I've worked in groups where the prevailing "style guide" recommended against combining variable initialization with variable declarations.  I forget the exact justifications; there are people who like it better simply from a "compiler purity" point of view ("Declarations should not be mixed with code.")   Like many "elements of programming style", it's something not worth fighting for (in either direction), IMO.

It's not like the code produced is going to be different.


kf2qd

#14
Dec 07, 2012, 07:39 pm Last Edit: Dec 07, 2012, 07:41 pm by kf2qd Reason: 1
Depends on when and where you learned.

Some aspects of style are for ease of reading. Some are because they help reduce mistakes. Some are because someone in charge (and signs off on the paycheck) decides that's how it will be done.
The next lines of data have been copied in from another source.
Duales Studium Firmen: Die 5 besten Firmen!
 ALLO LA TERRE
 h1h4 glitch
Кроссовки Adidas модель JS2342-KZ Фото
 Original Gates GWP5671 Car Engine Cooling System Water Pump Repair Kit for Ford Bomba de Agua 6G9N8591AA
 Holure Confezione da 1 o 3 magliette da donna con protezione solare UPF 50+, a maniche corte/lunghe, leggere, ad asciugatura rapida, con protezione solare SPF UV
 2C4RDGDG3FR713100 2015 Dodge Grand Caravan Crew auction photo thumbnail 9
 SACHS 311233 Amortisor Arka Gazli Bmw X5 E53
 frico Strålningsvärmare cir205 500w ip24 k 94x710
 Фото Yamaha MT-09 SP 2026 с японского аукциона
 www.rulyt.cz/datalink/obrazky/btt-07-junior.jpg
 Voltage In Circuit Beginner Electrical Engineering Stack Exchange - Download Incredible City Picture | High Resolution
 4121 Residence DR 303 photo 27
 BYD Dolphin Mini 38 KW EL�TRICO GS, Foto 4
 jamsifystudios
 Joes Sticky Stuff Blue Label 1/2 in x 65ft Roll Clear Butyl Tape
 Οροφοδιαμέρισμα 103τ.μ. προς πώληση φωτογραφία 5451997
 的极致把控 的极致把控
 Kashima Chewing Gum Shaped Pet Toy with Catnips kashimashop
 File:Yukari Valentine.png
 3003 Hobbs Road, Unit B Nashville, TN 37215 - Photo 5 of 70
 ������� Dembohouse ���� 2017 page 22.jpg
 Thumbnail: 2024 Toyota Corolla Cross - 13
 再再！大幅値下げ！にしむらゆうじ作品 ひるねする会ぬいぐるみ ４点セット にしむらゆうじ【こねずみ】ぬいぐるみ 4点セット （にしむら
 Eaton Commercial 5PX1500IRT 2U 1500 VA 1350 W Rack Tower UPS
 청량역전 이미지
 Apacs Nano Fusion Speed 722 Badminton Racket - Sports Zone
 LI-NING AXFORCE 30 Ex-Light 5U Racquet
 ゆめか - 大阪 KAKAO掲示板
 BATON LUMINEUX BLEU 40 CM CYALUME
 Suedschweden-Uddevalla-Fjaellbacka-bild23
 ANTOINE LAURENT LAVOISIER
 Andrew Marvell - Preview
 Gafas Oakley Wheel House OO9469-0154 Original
Is one better than the other? Apparently you feel it shold be done one way and others feel it should be done another.

Defined and Initialized variables - how will they do when they aren't used because the code changed. Won't get the little message, declared but unused... So there is some memory that is plugged up for nothing. Compiling for a PC, Who Cares??? for an Arduino - might make a difference. What's the difference at execution time? That's what should really matter.

Personally, I like to keep the assignment of values away from the declaration unless its a CONSTANT... As well as the fact that C isn't my only programming language.